National Lampoon's Attack of the 5 Ft. 2 In. Women is an American 1994 Showtime television film that parodies two sensational news stories from the 1990s: the Tonya Harding-Nancy Kerrigan incident, and the John and Lorena Bobbitt incident. The film is presented as a double feature, with Julie Brown starring in both segments. The title is a takeoff of Attack of the 50 Foot Woman.

==Synopsis==
The film is presented as two parts of a double feature, the titles being Tonya: The Battle of Wounded Knee and He Never Gave Me Orgasm: The Lenora Babbitt Story.

===Tonya: The Battle of Wounded Knee===
Figure skater Tonya Hardly (Brown), desperate to win the gold medal in the Olympics, tries to eliminate competitor Nancy Cardigan (Khrystyne Haje) by hiring someone to injure her; although she only suffers a small bruise. The news story is so tragic and heart-rending that all of Tonya's co-conspirators turn themselves in and implicate her. Sailing above the scandal, she goes on to compete at the 1994 Winter Olympics, but is undone by her lack of talent and undersized panties.

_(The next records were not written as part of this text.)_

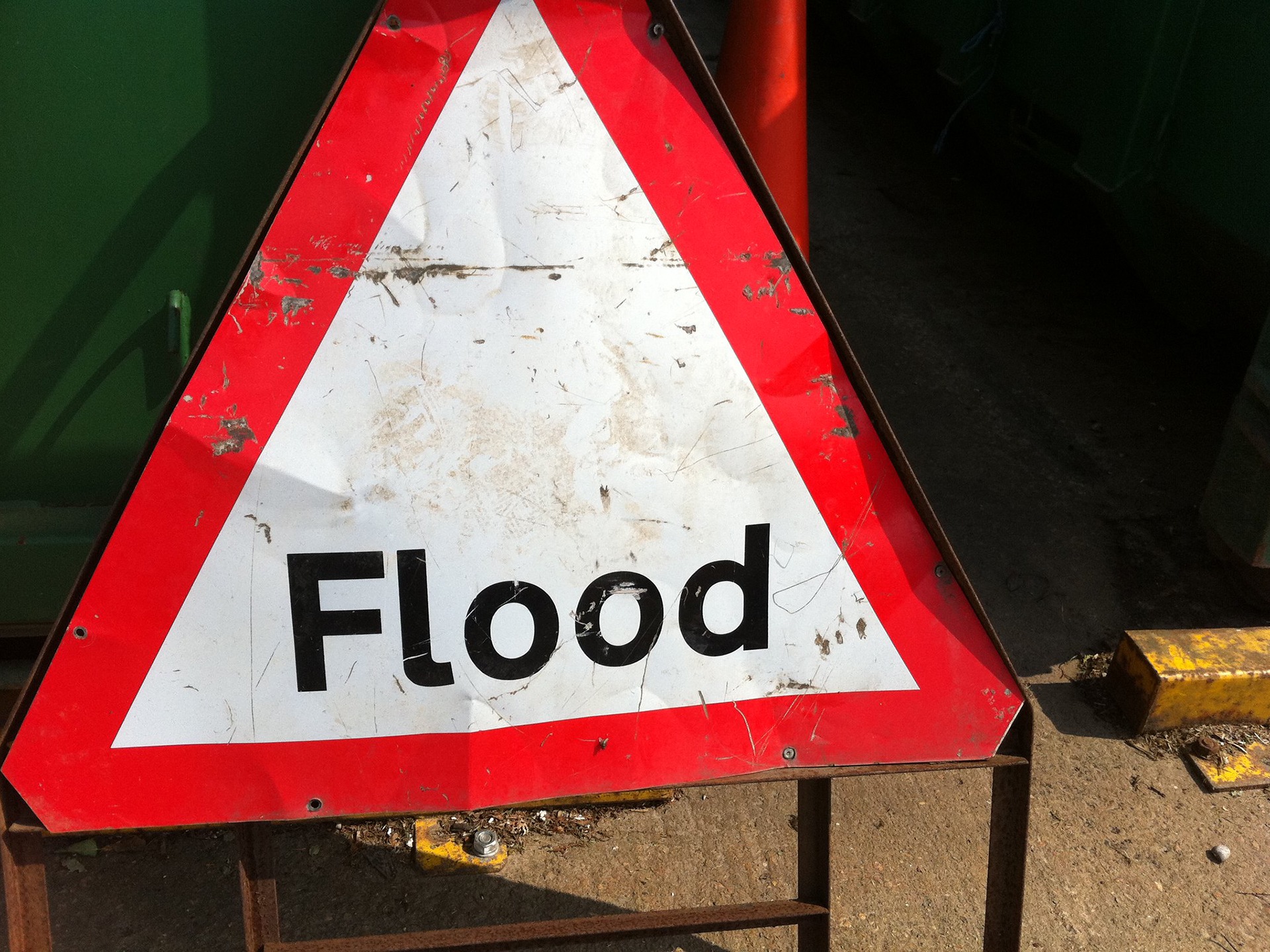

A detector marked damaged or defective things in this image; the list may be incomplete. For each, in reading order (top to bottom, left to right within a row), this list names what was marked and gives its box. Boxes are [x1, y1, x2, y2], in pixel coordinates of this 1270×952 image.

rust stain [212, 416, 256, 459]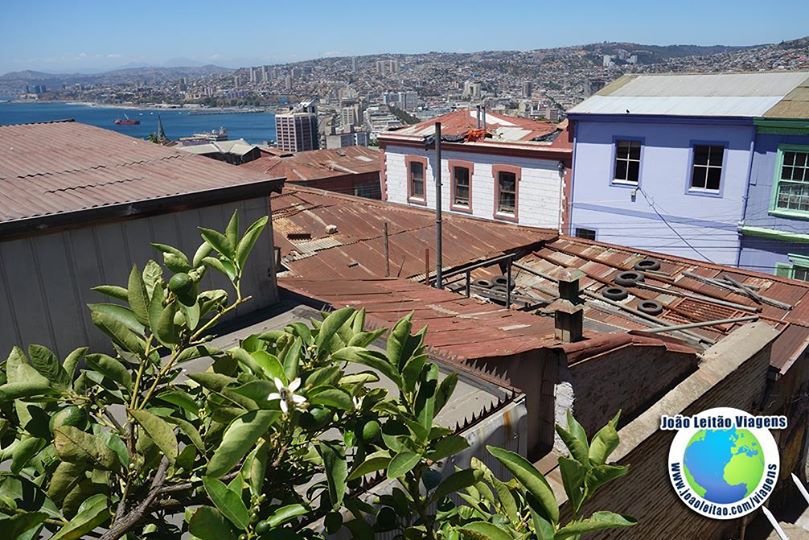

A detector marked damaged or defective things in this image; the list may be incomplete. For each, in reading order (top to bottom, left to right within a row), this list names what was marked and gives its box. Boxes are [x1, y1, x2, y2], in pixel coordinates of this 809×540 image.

rusty corrugated roof [0, 121, 284, 227]
rusty corrugated roof [240, 146, 382, 181]
rusty corrugated roof [272, 185, 556, 278]
rusty corrugated roof [524, 238, 809, 374]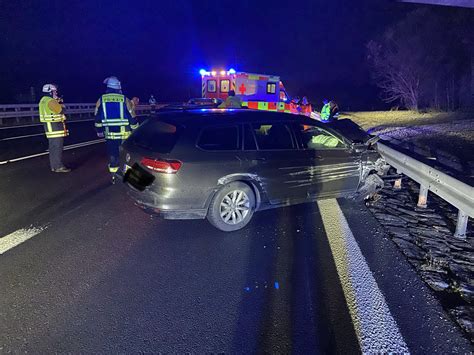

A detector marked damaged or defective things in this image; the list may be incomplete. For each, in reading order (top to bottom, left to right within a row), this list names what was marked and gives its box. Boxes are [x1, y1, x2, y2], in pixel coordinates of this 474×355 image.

damaged gray car [117, 110, 386, 232]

===He Never Gave Me Orgasm: The Lenora Babbitt Story===
Lenora Babbitt (Brown), having been recently pardoned for her crimes, tells Dick Langley (Sam McMurray) about the events that had led up to her arrest: She had cut off the penis of her drunken husband, Juan Wayne Babbitt (Adam Storke), because he could not satisfy her sexually. After it was devoured by a dog, Dr. Kelloc (Stanley DeSantis) was able to transplant one from a deceased biker. However, Lenora learns that the biker's widow (Anne De Salvo) now has "visitation rights" to it; thus, when she and Juan perform a re-enactment of the incident on TV, she actually cuts off his new one. He ends up becoming a transsexual, saying on talk shows that he now understands how hard it is to be a woman.

===Animated sequences===
The film includes animated sequences in which Tonya and Lenora are watching the picture at a drive-in theater. They arrive together in a car at the beginning, Tonya cheers after the first feature, and the two grinning women drive off at the end.

==Cast==
- Julie Brown as Tonya Hardly / Lenora Babbitt
- Lisa Arch as Dotty (credited as Lisa Kushell)
- Priscilla Barnes as Crystal
- Jennifer Butt as Oksana Bayou
- Jodi Carlisle as Debbie Dallas
- Lilyan Chauvin as Coach
- Margaret Cho as Connie Tong
- Charlie Coffey as Tonya's Lawyer
- Peter DeLuise as Stan Stant
- Anne De Salvo as Cycle Slut
- Stanley DeSantis as Dr. Kelloc
- Eric Edwards as Sean Heckardt (credited as Eric 'Sparky' Edwards)
- Lance Gordon as Lawanda's Man
- Charles Gunning as Mr. Electricity
- Khrystyne Haje as Nancy Cardigan
- Melora Hardin as Tonya's Coach
- John Robert Hoffman as Jeff Googooly
- Stephanie Hudson as "Cookie" (credited as Tonya Poole)
- Janice Kent as Nancy's Coach
- Cathy Ladman as Virgin Mary
- Vicki Lawrence as Herself
- Julie Lunney as Nancy's Double
- Sam McMurray as Dick Langley
- Dick Miller as Officer Murphy
- Rick Overton as Officer Brown
- Brad Sherwood as Mime
- Julie Shott as Tonya's Double
- Bridget Sienna as Maria
- Stella Stevens as Lawanda
- Adam Storke as Juan Wayne Babbitt
- Liz Torres as Lenora's Mother
- Nick Toth as Nancy's Father
- Stacey Travis as Christy
- Susan Watson as Nancy's Mother
- Brianna Weissmann as Little Tonya
- Karl Wiedergott as Dirk Smith

==Advertising and release==
The television film was promoted on the cover of the September/October 1994 issue of National Lampoon magazine.

In 2008, Julie Brown was given permission by Showtime to issue this movie on DVD (Showtime had previously only issued it on VHS) and currently sells copies on her eBay profile and online store.

== Reception ==
An article in the Los Angeles Times covering the production commented, "What’s the only thing more frightening than a pair of 5-foot-2 females with a chip on their shoulders? That same pair in ice skates and stilettos, argues “National Lampoon’s Attack of the 5 Ft. 2 Women,” premiering Sunday on Showtime."

The film received generally a very mixed retrospective assessment, Vanity Fair even calling it "dreck". "Despite an impressive supporting cast, both minifeatures are crude ..." commented another reviewer.